Proposal: Pluggable PD scheduler

Author(s): Liang Jinronghttps://github.com/dimstars，Hu Haoshenghttps://github.com/a1iive
Last updated: 2019-08-02
Discussion at: https://github.com/pingcap/pd/issues

Abstract

Currently, PD's scheduling strategy is load-balancing, but sometimes users have more detailed requirements. For example, some data will be frequently accessed in a certain period of time, and it needs to be deployed to high-performance nodes. PD needs to allow users to customize scheduling rules and manage data.
Add scheduling plugins to parse rules and generate scheduler to schedule user-specified data. Add code to PD to resolve scheduling conflicts so that the original scheduling will not affect the user's scheduling.
The pluggable PD scheduler supports user-defined scheduling rules, supports dynamic update of configuration files, and balances the cluster load as much as possible while satisfying user requirements. Cluster load imbalance may occur, and the added inspection mechanism will bring a small amount of additional overhead.

Background

In some application scenarios, TiKV users may issue short bursts of access, such as the demand for Shared bikes during rush hours. PD scheduling adopts a dynamic balance strategy. Although it can dynamically adjust the data distribution according to the visits, it cannot be deployed in advance, so passive scheduling seems to be a little difficult.
In addition, load balancing assumes that all servers perform similarly.While server performance can vary significantly, users want critical data on high-performance machines.That is to say, PD currently lacks the ability to meet specific user needs and cannot change scheduling strategies according to different application scenarios.
This proposal expects PD to support user-defined scheduling rules, dynamically acquire user configurations and apply them to scheduling, resolve conflicts between user rules and original scheduling, and balance load as much as possible on the premise of meeting user requirements.

overview

By dynamically parsing the user configuration file, obtain and apply user-defined rules to meet the specific scheduling needs of users.

How it works?

The "toml" configuration file is used to parse the user-defined rules, and the parsing operation is completed in the plugin. Then, the corresponding scheduler is generated according to the user-defined rules to complete the corresponding scheduling.
The user can modify the configuration file at any time and then issue a SIGUSR1 system call signal to the PD process to re-read the configuration.
We translate rules into scheduling operations of specific resources (region, leader, store), which are stored in PD. When the original scheduling selects source or target, part of the data specified by the user is filtered out, and other data is selected for scheduling.

What needs to be changed to implement this design?

Write the golang plugin to parse the toml configuration file and generate the appropriate scheduler.When a new rule appears, it is converted to a format recognized by PD and stored in PD.
Register the plugin at PD startup and call the plugin to retrieve user-defined rules and store them in memory.
Add code to handle scheduling conflicts.

What may be positively influenced by the proposed change?

The proposal supports user-defined scheduling rules and dynamic update of configuration files to better adapt to various application scenarios.

What may be negatively impacted by the proposed change?

The cluster load may be unbalanced, and the additional checking mechanism may bring a small additional overhead.

Rationale

How other systems solve the same issue?

Provide abstract scheduling rules for user definition.
Use configuration files to get user-defined rules.
Resolve abstract rules into concrete schedules.
Handle conflicts between native rules and user rules.

What other designs have been considered and what are their disadvantages?

To avoid conflicts, only use the original schedule or user-defined schedule, and set the switch for control.
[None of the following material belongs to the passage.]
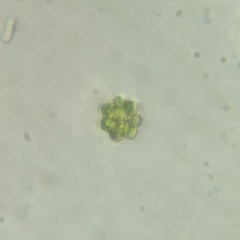 Coelastrum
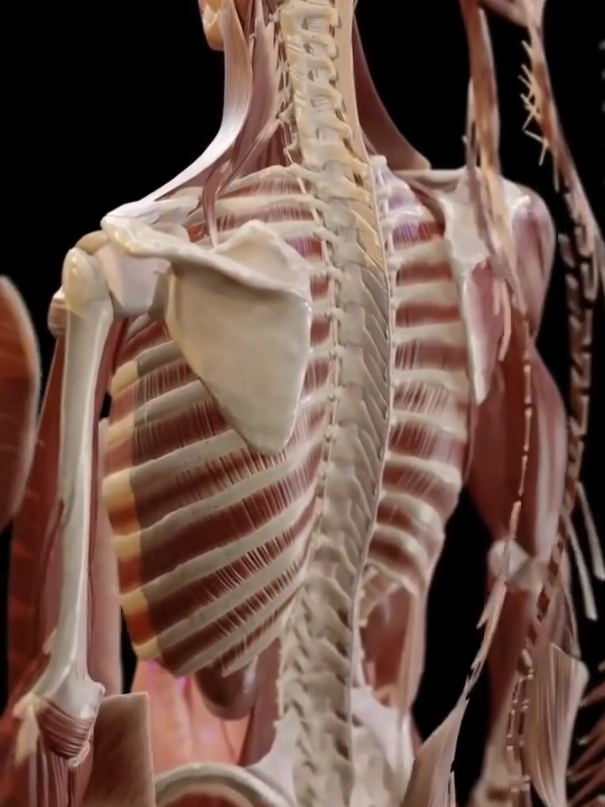 Tại sao chúng ta cần bảo vệ cột sống  Vì cột sống đóng một vai trò vô cùng quan trọng trong cơ thể, không chỉ là bộ khung nâng đỡ mà còn bảo vệ tủy sống và hỗ trợ mọi hoạt động của chúng ta. Việc không chăm sóc và bảo vệ cột sống có thể dẫn đến nhiều vấn đề nghiêm trọng, gây ảnh hưởng lâu dài đến chất lượng cuộc sống. Vì vậy, bảo vệ cột sống chính là giữ gìn sự vận động, sức khỏe thần kinh và chất lượng sống lâu dài. Để bảo vệ cột sống, bạn nên duy trì tư thế đúng khi ngồi, đứng và ngủ; thường xuyên tập thể dục, đặc biệt là các bài tập tăng cường cơ lõi, và tránh mang vác vật nặng sai cách. Nếu cần tư vấn thêm về cách chữa trị và phòng ngừa các bệnh lí cột sống hãy để lại lời nhắn, chúng tôi sẽ tư vấn cho bạn.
But doing so requires user-defined rules to be highly feasible.High level of abstraction of custom rules and professional level of users are required.Poor use can lead to inconsistent data or cluster crashes.

What is the advantage of this design compared with other designs?

Modifying the plugin code does not affect PD's business logic.
User-defined scheduling rules can be flexible. Regardless of how the rule is modified, the plugin simply needs to parse it into a schedule for a specific resource and store it in PD.
Modifying the plugin code does not affect PD's business logic.User-defined scheduling rules can be flexible.Regardless of how the rule is modified, the plugin simply needs to parse it into a schedule for a specific resource and store it in PD.It does not change the original frame structure of PD.It's pretty stable.
The conflicts between the two scheduling policies can be basically solved and the load can be balanced as much as possible under the premise of meeting the requirements of users.

What is the disadvantage of this design?

Since the user-defined scheduling only considers part of the data, there is no macro-control for the entire cluster, and the cluster load may be unbalanced.
The added checking mechanism also brings a small additional overhead.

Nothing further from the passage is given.